Os julgados das turmas recursais, aos poucos, vêm adotando essa linha de raciocínio, como se constata na recente decisão proferida pela 3ª Turma Recursal Cível do TJ-RS, verbis:
“RECURSO INOMINADO. CONSUMIDOR. VÍCIO DE QUALIDADE EM APARELHO CELULAR. DANO MORAL INOCORRENTE. MERO DESCUMPRIMENTO CONTRATUAL. O descumprimento contratual noticiado nos autos não enseja reparação moral. É assim porque a falha na prestação do serviço ocorrida, consubstanciada na ausência de resolução pela ré do vício de qualidade apresentado no produto, por si só, não é suficiente para configurar a ocorrência de danos extrapatrimoniais, sob pena de banalizar o instituto(inteligência do Enunciado n. 05 do Encontro dos Juizados Especiais Cíveis do Estado, de maio de 2005, realizado em Gramado). A reparação por dano imaterial somente é cabível em situações excepcionais, ou seja, quando constatada violação aos direitos da personalidade ou à dignidade ou, ainda, em situações que tenham causado angústia, sofrimento e abalo moral a ponto de causar desequilíbrio emocional ao consumidor, o que não foi demonstrado no caso em tela. SENTENÇA PARCIALMENTE REFORMADA. RECURSO PROVIDO”.
(TJ-RS – Recurso Cível: 71005660261 RS, Relator: Lusmary Fatima Turelly da Silva, Data de Julgamento: 12/11/2015, Terceira Turma Recursal Cível, Data de Publicação: Diário da Justiça do dia 16/11/2015) – destaques não incluídos no original.

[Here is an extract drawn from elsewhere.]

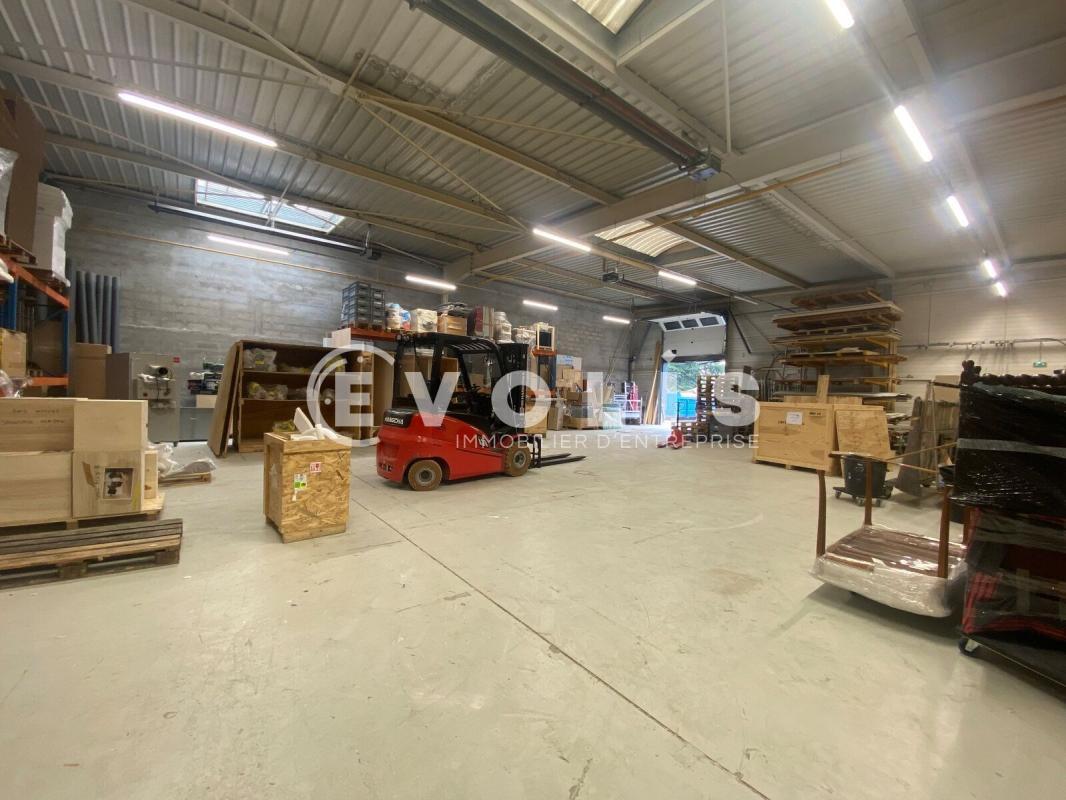 Light Industrial in Champigny-sur-Marne to rent Building Photo- Image 1 of 15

Infelizmente, ao se analisar as decisões de primeiro grau sobre o tema nos juizados, constata-se que o posicionamento acima ainda é raro. Na maioria das hipóteses, equipara-se todo e qualquer descumprimento contratual como situação geradora de danos morais.

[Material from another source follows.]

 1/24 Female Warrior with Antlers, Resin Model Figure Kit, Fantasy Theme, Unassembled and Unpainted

Os fornecedores estão sendo “nivelados por baixo”. Parte-se da premissa de que toda e qualquer empresa ré numa ação de relação de consumo seja uma contumaz transgressora dos direitos consumeristas.

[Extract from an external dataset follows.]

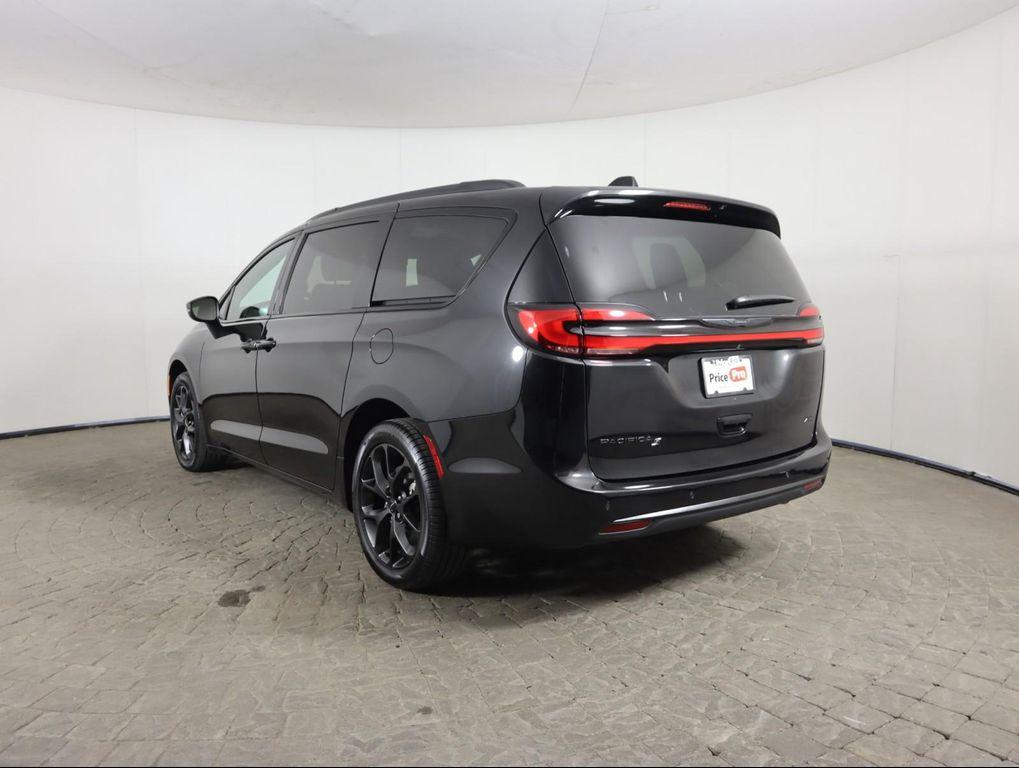 used 2023 Chrysler Pacifica car, priced at $35,998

Não se pretende aqui defender a tese de que os danos morais não podem ser deferidos nas relações de consumo, mas que tal deferimento seja feito de forma mais criteriosa, condenando situações que de fato tenham exposto o consumidor à tamanha dor que seja razoável o pagamento de indenização por danos morais.
É certo que o mau fornecedor deve ser punido, e a prática constante de desrespeito ao consumidor deve ser banida, mas não se pode deferir, para toda e qualquer situação que fuja do inicialmente previsto, uma indenização por danos morais.
Somente o deferimento criterioso dos pedidos de dano moral nas relações de consumo é que vai contribuir para o desenvolvimento do nosso sistema. Permitir que as partes resolvam seus problemas sem a necessidade do Poder Judiciário é um objetivo que deve ser perseguido por todos os atores dessa relação na linha do que orienta o novo Código de Processo Civil e o novo Código de Ética da OAB. Será uma evolução tanto para o Direito do Consumidor como para as instituições brasileiras e para a nossa própria sociedade.
Os critérios são importantes para os dois lados, não só para que os fornecedores aprendam a respeitar os direitos expressos no Código de Defesa do Consumidor, como também para evitar que se criem verdadeiras “ilusões” nos consumidores, fazendo crer que toda e qualquer situação merece ser indenizada além dos prejuízos materiais.
Autor: Gilson Goulart Jr. é advogado especialista em Direito Civil e Processo Civil e chefe do Departamento de Direito Civil do escritório Arns de Oliveira & Andreazza Advogados Associados.